Records from a collection
--------------------------------
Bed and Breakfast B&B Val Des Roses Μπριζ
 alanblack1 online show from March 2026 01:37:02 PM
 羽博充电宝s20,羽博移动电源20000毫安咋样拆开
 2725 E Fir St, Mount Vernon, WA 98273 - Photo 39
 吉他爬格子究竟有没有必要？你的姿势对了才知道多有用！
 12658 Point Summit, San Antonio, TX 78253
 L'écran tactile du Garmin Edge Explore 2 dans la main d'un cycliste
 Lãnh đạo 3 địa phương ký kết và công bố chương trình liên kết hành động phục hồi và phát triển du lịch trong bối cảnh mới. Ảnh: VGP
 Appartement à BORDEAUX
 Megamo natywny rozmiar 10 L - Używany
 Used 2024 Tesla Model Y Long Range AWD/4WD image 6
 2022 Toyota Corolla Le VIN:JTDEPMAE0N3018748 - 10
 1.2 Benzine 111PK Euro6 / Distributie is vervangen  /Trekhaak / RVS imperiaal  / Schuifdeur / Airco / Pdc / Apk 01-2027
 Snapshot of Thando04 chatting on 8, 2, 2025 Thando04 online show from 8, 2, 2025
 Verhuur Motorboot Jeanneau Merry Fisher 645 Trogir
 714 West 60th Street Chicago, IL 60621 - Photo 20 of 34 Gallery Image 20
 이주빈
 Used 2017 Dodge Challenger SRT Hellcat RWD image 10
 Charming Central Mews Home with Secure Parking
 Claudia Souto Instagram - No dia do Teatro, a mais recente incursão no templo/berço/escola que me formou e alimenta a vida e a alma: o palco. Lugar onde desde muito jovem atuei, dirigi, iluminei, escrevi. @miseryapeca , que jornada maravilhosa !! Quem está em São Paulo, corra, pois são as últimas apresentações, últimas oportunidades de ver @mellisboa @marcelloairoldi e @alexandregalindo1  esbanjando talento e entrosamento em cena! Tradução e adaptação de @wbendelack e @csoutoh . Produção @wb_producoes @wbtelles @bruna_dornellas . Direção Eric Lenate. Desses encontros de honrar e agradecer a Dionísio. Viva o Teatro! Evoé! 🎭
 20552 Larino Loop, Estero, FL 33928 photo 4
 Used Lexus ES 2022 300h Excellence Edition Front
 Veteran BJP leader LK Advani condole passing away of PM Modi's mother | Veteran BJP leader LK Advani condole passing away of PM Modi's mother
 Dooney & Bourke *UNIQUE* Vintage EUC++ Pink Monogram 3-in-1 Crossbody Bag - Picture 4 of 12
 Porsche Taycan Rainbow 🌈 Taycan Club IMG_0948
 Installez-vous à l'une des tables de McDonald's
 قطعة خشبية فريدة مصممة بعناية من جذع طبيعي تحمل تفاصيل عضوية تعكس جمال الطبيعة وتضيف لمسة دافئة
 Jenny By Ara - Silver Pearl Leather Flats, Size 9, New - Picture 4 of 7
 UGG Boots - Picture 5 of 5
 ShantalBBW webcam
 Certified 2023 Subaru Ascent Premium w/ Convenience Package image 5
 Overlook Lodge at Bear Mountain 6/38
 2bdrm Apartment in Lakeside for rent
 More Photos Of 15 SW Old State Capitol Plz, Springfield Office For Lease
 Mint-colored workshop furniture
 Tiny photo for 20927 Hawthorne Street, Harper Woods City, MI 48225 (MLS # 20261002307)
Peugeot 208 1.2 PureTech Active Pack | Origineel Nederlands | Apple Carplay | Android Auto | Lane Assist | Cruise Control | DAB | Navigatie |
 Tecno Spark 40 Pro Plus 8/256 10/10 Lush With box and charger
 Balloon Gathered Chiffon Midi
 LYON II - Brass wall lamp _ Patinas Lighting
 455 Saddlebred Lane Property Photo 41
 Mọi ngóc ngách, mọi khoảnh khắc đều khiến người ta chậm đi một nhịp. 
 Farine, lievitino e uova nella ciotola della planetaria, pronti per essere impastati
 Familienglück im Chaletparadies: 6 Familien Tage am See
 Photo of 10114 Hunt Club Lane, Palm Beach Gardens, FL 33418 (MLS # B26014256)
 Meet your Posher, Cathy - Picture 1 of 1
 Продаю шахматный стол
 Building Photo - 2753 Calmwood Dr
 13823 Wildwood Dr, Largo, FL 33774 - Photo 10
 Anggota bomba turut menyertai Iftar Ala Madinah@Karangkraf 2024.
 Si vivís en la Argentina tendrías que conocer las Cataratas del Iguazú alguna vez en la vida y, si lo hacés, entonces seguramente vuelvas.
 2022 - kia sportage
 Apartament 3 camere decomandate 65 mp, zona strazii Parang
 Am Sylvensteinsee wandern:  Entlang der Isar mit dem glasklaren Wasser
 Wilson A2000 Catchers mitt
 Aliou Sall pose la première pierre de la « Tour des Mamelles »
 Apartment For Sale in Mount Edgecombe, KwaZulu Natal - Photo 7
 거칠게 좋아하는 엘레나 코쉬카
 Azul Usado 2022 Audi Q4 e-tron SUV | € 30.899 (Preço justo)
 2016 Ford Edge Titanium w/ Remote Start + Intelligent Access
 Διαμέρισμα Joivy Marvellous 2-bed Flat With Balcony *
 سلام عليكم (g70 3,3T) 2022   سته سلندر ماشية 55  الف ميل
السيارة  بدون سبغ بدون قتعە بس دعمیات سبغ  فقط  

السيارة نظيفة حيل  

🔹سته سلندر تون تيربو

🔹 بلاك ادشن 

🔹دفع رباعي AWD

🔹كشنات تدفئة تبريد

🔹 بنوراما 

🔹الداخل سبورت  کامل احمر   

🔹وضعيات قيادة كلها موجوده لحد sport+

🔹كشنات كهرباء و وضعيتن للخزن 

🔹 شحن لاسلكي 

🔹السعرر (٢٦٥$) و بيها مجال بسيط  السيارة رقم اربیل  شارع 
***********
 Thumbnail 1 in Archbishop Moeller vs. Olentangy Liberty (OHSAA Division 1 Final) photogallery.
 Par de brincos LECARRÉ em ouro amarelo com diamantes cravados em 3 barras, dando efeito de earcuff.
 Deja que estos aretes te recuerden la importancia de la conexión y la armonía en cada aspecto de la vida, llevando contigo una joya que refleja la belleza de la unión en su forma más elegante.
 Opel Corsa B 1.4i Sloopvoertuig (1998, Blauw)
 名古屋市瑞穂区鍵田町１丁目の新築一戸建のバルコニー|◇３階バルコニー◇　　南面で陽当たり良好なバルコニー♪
--------------------------------
* _Exercise prompt_
Every entry above must appear again in the reply, exactly as it stands.

* _Answer to this task_
Bed and Breakfast B&B Val Des Roses Μπριζ
 alanblack1 online show from March 2026 01:37:02 PM
 羽博充电宝s20,羽博移动电源20000毫安咋样拆开
 2725 E Fir St, Mount Vernon, WA 98273 - Photo 39
 吉他爬格子究竟有没有必要？你的姿势对了才知道多有用！
 12658 Point Summit, San Antonio, TX 78253
 L'écran tactile du Garmin Edge Explore 2 dans la main d'un cycliste
 Lãnh đạo 3 địa phương ký kết và công bố chương trình liên kết hành động phục hồi và phát triển du lịch trong bối cảnh mới. Ảnh: VGP
 Appartement à BORDEAUX
 Megamo natywny rozmiar 10 L - Używany
 Used 2024 Tesla Model Y Long Range AWD/4WD image 6
 2022 Toyota Corolla Le VIN:JTDEPMAE0N3018748 - 10
 1.2 Benzine 111PK Euro6 / Distributie is vervangen  /Trekhaak / RVS imperiaal  / Schuifdeur / Airco / Pdc / Apk 01-2027
 Snapshot of Thando04 chatting on 8, 2, 2025 Thando04 online show from 8, 2, 2025
 Verhuur Motorboot Jeanneau Merry Fisher 645 Trogir
 714 West 60th Street Chicago, IL 60621 - Photo 20 of 34 Gallery Image 20
 이주빈
 Used 2017 Dodge Challenger SRT Hellcat RWD image 10
 Charming Central Mews Home with Secure Parking
 Claudia Souto Instagram - No dia do Teatro, a mais recente incursão no templo/berço/escola que me formou e alimenta a vida e a alma: o palco. Lugar onde desde muito jovem atuei, dirigi, iluminei, escrevi. @miseryapeca , que jornada maravilhosa !! Quem está em São Paulo, corra, pois são as últimas apresentações, últimas oportunidades de ver @mellisboa @marcelloairoldi e @alexandregalindo1  esbanjando talento e entrosamento em cena! Tradução e adaptação de @wbendelack e @csoutoh . Produção @wb_producoes @wbtelles @bruna_dornellas . Direção Eric Lenate. Desses encontros de honrar e agradecer a Dionísio. Viva o Teatro! Evoé! 🎭
 20552 Larino Loop, Estero, FL 33928 photo 4
 Used Lexus ES 2022 300h Excellence Edition Front
 Veteran BJP leader LK Advani condole passing away of PM Modi's mother | Veteran BJP leader LK Advani condole passing away of PM Modi's mother
 Dooney & Bourke *UNIQUE* Vintage EUC++ Pink Monogram 3-in-1 Crossbody Bag - Picture 4 of 12
 Porsche Taycan Rainbow 🌈 Taycan Club IMG_0948
 Installez-vous à l'une des tables de McDonald's
 قطعة خشبية فريدة مصممة بعناية من جذع طبيعي تحمل تفاصيل عضوية تعكس جمال الطبيعة وتضيف لمسة دافئة
 Jenny By Ara - Silver Pearl Leather Flats, Size 9, New - Picture 4 of 7
 UGG Boots - Picture 5 of 5
 ShantalBBW webcam
 Certified 2023 Subaru Ascent Premium w/ Convenience Package image 5
 Overlook Lodge at Bear Mountain 6/38
 2bdrm Apartment in Lakeside for rent
 More Photos Of 15 SW Old State Capitol Plz, Springfield Office For Lease
 Mint-colored workshop furniture
 Tiny photo for 20927 Hawthorne Street, Harper Woods City, MI 48225 (MLS # 20261002307)
Peugeot 208 1.2 PureTech Active Pack | Origineel Nederlands | Apple Carplay | Android Auto | Lane Assist | Cruise Control | DAB | Navigatie |
 Tecno Spark 40 Pro Plus 8/256 10/10 Lush With box and charger
 Balloon Gathered Chiffon Midi
 LYON II - Brass wall lamp _ Patinas Lighting
 455 Saddlebred Lane Property Photo 41
 Mọi ngóc ngách, mọi khoảnh khắc đều khiến người ta chậm đi một nhịp. 
 Farine, lievitino e uova nella ciotola della planetaria, pronti per essere impastati
 Familienglück im Chaletparadies: 6 Familien Tage am See
 Photo of 10114 Hunt Club Lane, Palm Beach Gardens, FL 33418 (MLS # B26014256)
 Meet your Posher, Cathy - Picture 1 of 1
 Продаю шахматный стол
 Building Photo - 2753 Calmwood Dr
 13823 Wildwood Dr, Largo, FL 33774 - Photo 10
 Anggota bomba turut menyertai Iftar Ala Madinah@Karangkraf 2024.
 Si vivís en la Argentina tendrías que conocer las Cataratas del Iguazú alguna vez en la vida y, si lo hacés, entonces seguramente vuelvas.
 2022 - kia sportage
 Apartament 3 camere decomandate 65 mp, zona strazii Parang
 Am Sylvensteinsee wandern:  Entlang der Isar mit dem glasklaren Wasser
 Wilson A2000 Catchers mitt
 Aliou Sall pose la première pierre de la « Tour des Mamelles »
 Apartment For Sale in Mount Edgecombe, KwaZulu Natal - Photo 7
 거칠게 좋아하는 엘레나 코쉬카
 Azul Usado 2022 Audi Q4 e-tron SUV | € 30.899 (Preço justo)
 2016 Ford Edge Titanium w/ Remote Start + Intelligent Access
 Διαμέρισμα Joivy Marvellous 2-bed Flat With Balcony *
 سلام عليكم (g70 3,3T) 2022   سته سلندر ماشية 55  الف ميل
السيارة  بدون سبغ بدون قتعە بس دعمیات سبغ  فقط  

السيارة نظيفة حيل  

🔹سته سلندر تون تيربو

🔹 بلاك ادشن 

🔹دفع رباعي AWD

🔹كشنات تدفئة تبريد

🔹 بنوراما 

🔹الداخل سبورت  کامل احمر   

🔹وضعيات قيادة كلها موجوده لحد sport+

🔹كشنات كهرباء و وضعيتن للخزن 

🔹 شحن لاسلكي 

🔹السعرر (٢٦٥$) و بيها مجال بسيط  السيارة رقم اربیل  شارع 
***********
 Thumbnail 1 in Archbishop Moeller vs. Olentangy Liberty (OHSAA Division 1 Final) photogallery.
 Par de brincos LECARRÉ em ouro amarelo com diamantes cravados em 3 barras, dando efeito de earcuff.
 Deja que estos aretes te recuerden la importancia de la conexión y la armonía en cada aspecto de la vida, llevando contigo una joya que refleja la belleza de la unión en su forma más elegante.
 Opel Corsa B 1.4i Sloopvoertuig (1998, Blauw)
 名古屋市瑞穂区鍵田町１丁目の新築一戸建のバルコニー|◇３階バルコニー◇　　南面で陽当たり良好なバルコニー♪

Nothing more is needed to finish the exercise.